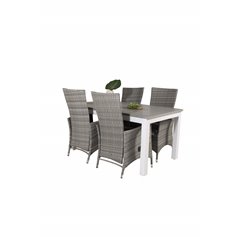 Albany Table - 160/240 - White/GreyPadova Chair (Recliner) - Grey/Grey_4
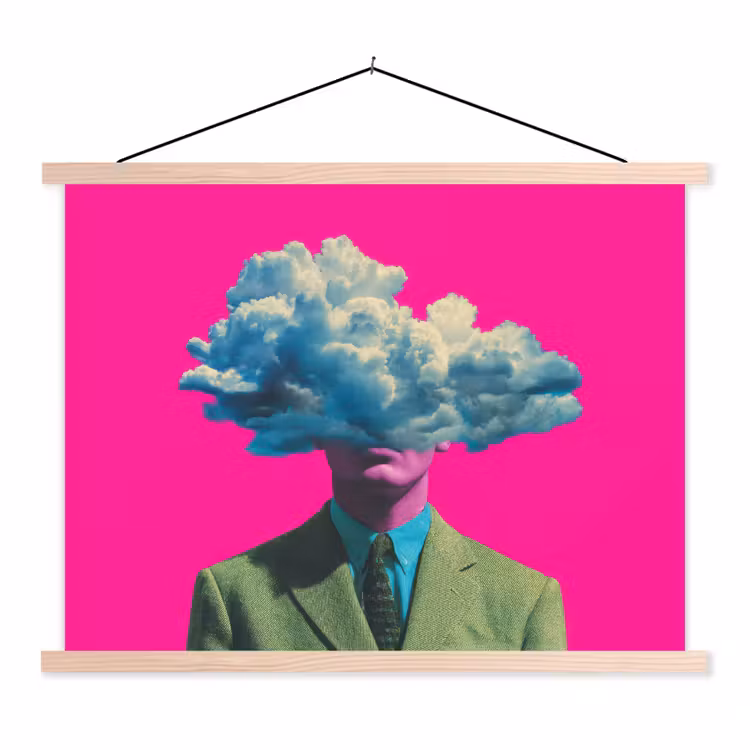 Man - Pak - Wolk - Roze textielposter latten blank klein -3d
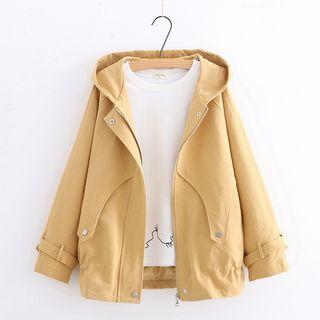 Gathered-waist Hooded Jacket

--------------------------------

Exercise
Reproduce the listing in full and exactly, excluding any pictures it holds.

Exercise result
 Albany Table - 160/240 - White/GreyPadova Chair (Recliner) - Grey/Grey_4
 Man - Pak - Wolk - Roze textielposter latten blank klein -3d
 Gathered-waist Hooded Jacket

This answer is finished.